Please transcribe, word for word, only the lines from the one containing "Định nghĩa nguyên âm là gì trong tiếng Anh" through the last line of the records below, both included, and leave out every picture.

→ **Stored items from a collection**:
------------------------------------------------------------

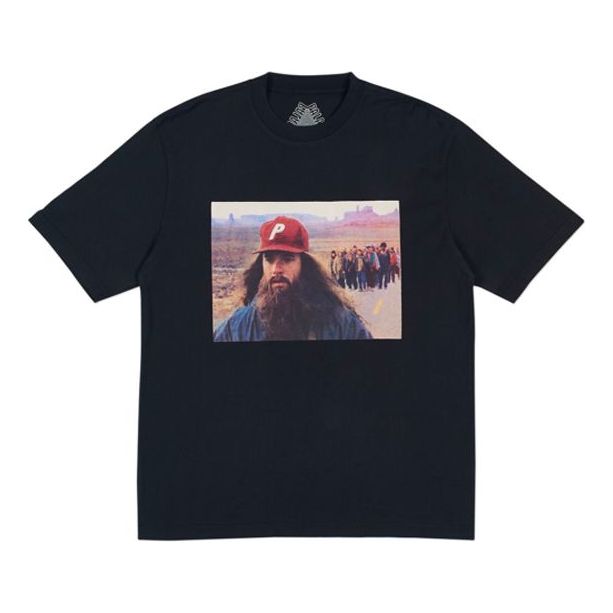 Palace Jenny T-Shirt 'Black' PLA-SS18-179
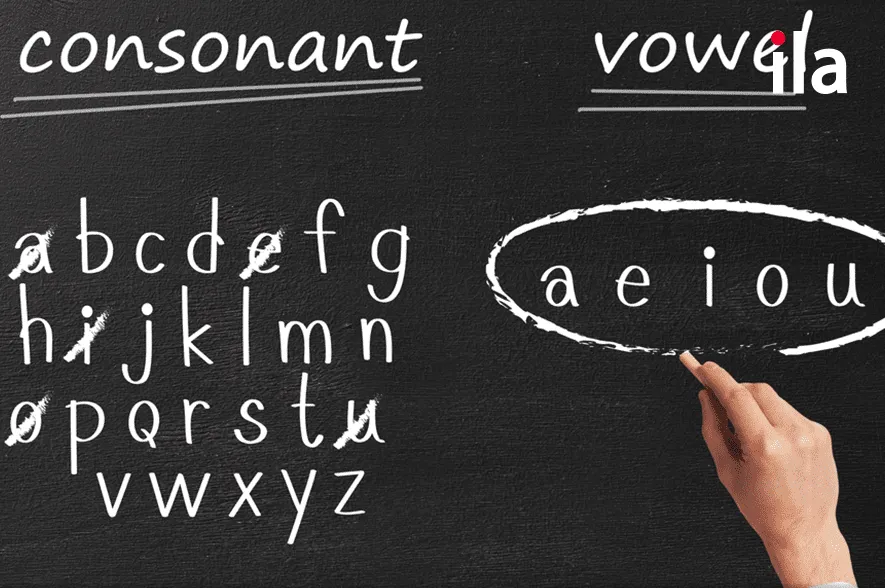 Định nghĩa nguyên âm là gì trong tiếng Anh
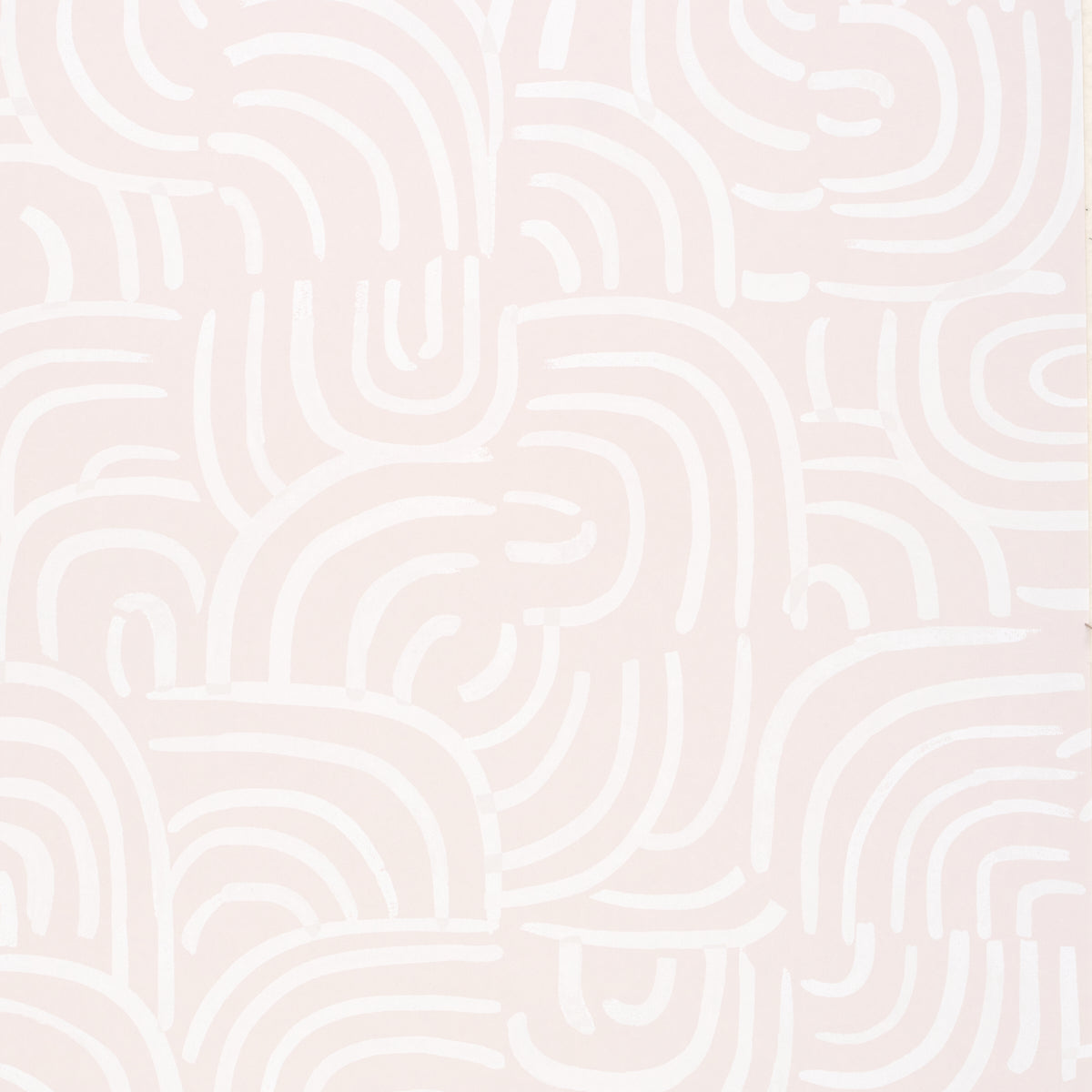 Schumacher New Beat Wallpaper Light Beige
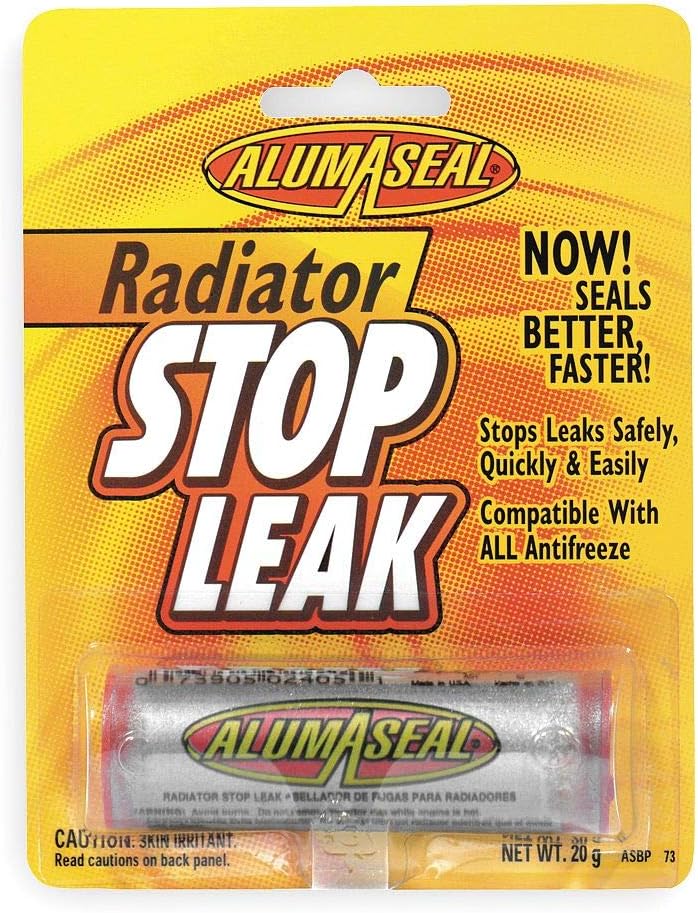 Alumaseal Radiator Sealer Powder.70 oz ASBPI12 (Pack of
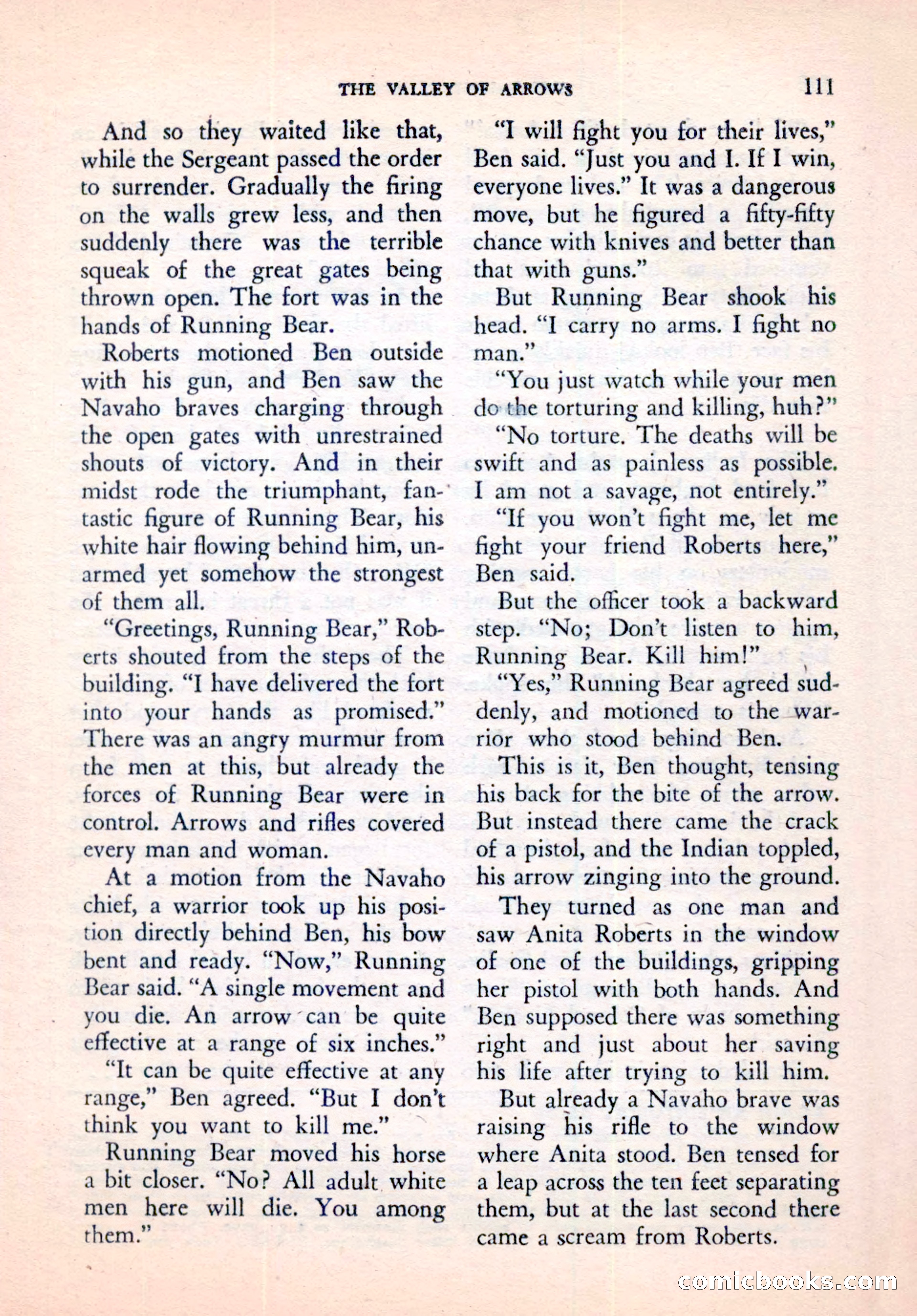The Saint Mystery Magazine, September 1961 — page 113 of 132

------------------------------------------------------------

→ **PROBLEM SOLUTION**:
 Định nghĩa nguyên âm là gì trong tiếng Anh
 Schumacher New Beat Wallpaper Light Beige
 Alumaseal Radiator Sealer Powder.70 oz ASBPI12 (Pack of
The Saint Mystery Magazine, September 1961 — page 113 of 132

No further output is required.